Queridos diocesanos:
En la proximidad de la Navidad, deseo hacerme cercano a cada uno de vosotros, entrar en vuestro hogares y celebrar con cada familia, llenos de alegría, el misterio de la asombrosa cercanía de Dios a los hombres, revelada en el Niño-Dios que adoramos en Belén en estos días, junto con María y José, los ángeles, los pastores, y los Reyes llegados de países lejanos.
La Liturgia de la Iglesia nos ha ido marcando durante el Adviento un ritmo cada vez más vivo en nuestra espera del Mesías prometido. El deseo de su llegada se ha ido haciendo progresivamente más intenso. En los primeros momentos de este tiempo santo, la Iglesia nos advertía: “El Señor viene de lejos”; poco días después nos aseguraba: “el Señor vendrá y no tardará”; finalmente, como animando el tiempo de la espera de la celebración ya inminente del gran Misterio, ha espoleado nuestra esperanza asegurándonos: “El Señor está cerca”, está ya a la puerta. Estad prontos. ¡Vigilad, que ya viene!

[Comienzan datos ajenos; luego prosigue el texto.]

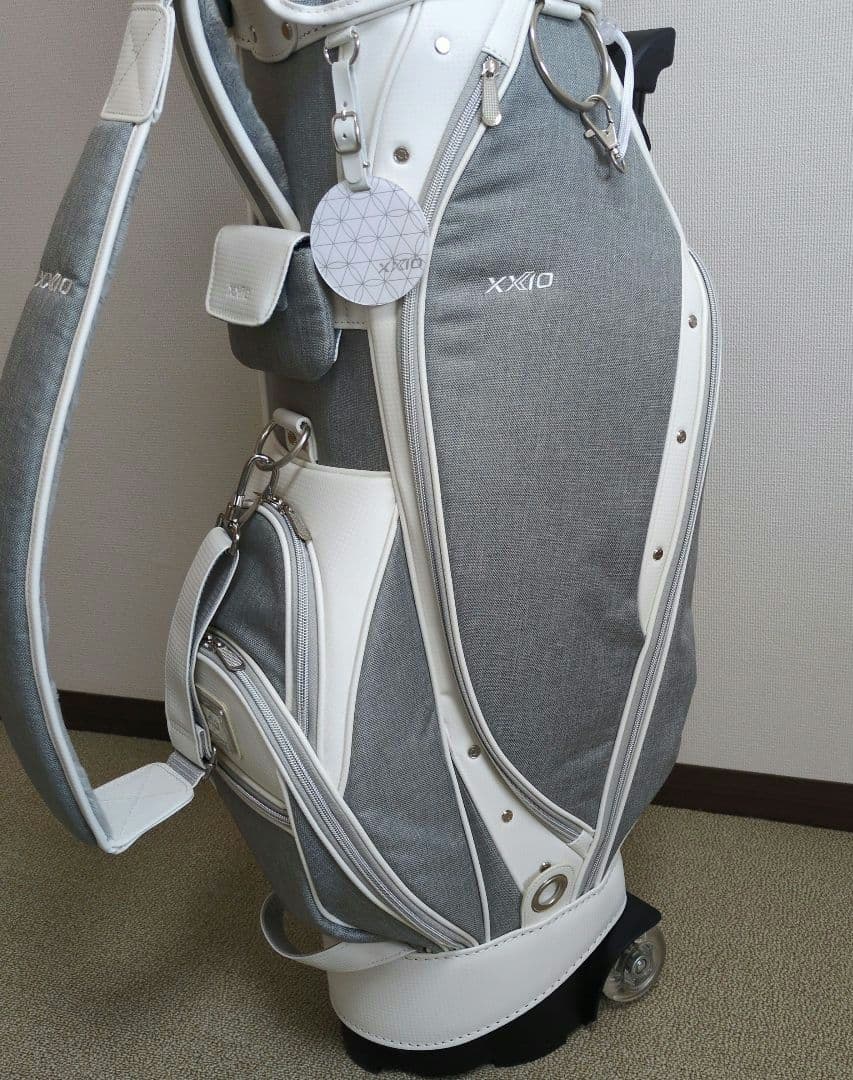 【新品未使用】XXIO キャディバッグ グレー/ホワイト　レディース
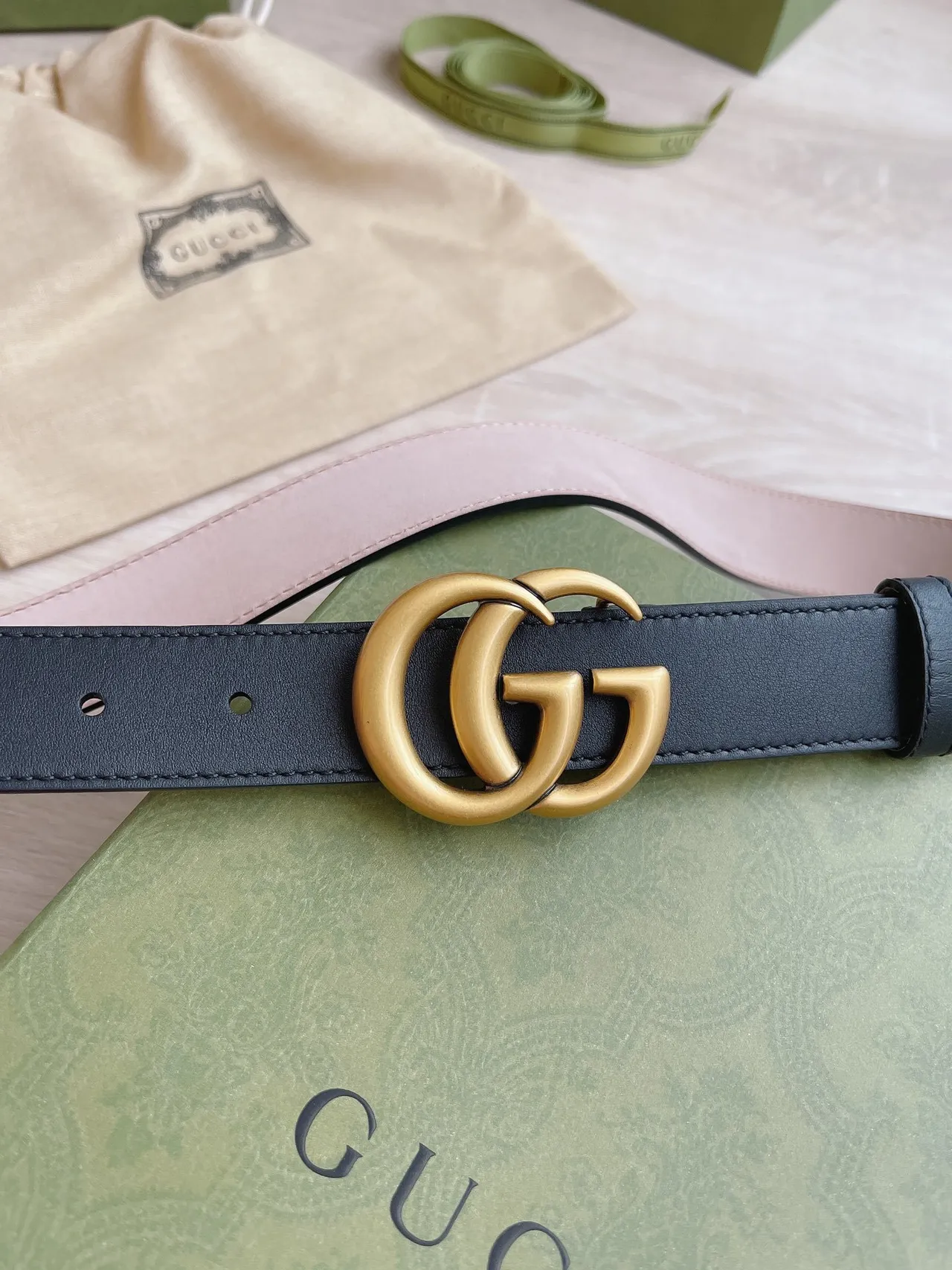 Gucci GG Marmont Black Gold Interlocking G Buckle Smooth Leather Belt 7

Con el pasar de las semanas del Adviento, la oración de la Iglesia se ha vuelto así cada vez más ardiente; su espera casi ha trocado en impaciencia y el deseo ha mudado en ansiedad. La Iglesia anhela el momento de contemplar al Redentor, haciendo eco al ansia de redención que anida en el corazón de los hombres. Sabe ella que la Navidad es la respuesta al deseo más íntimo y arraigado del corazón humano: el anhelo de ser salvado, de ir más allá de los propios límites, de vencer la debilidad experimentada a veces con tanta intensidad, de derrotar el pecado en cualquiera de sus formas, de superar los egoísmos y domeñar la violencia, de impedir y reparar las injusticias flagrantes de nuestro mundo. Empresas todas ellas que superan nuestra fuerzas.
Pero en la Navidad Dios viene a nuestro encuentro para salvarnos, para librarnos de los males de los que sólo Él puede curarnos de verdad. Por eso, al experimentar la alegría de la llegada del Mesías-Redentor, deseo a todos, de corazón, una muy: ¡feliz Navidad!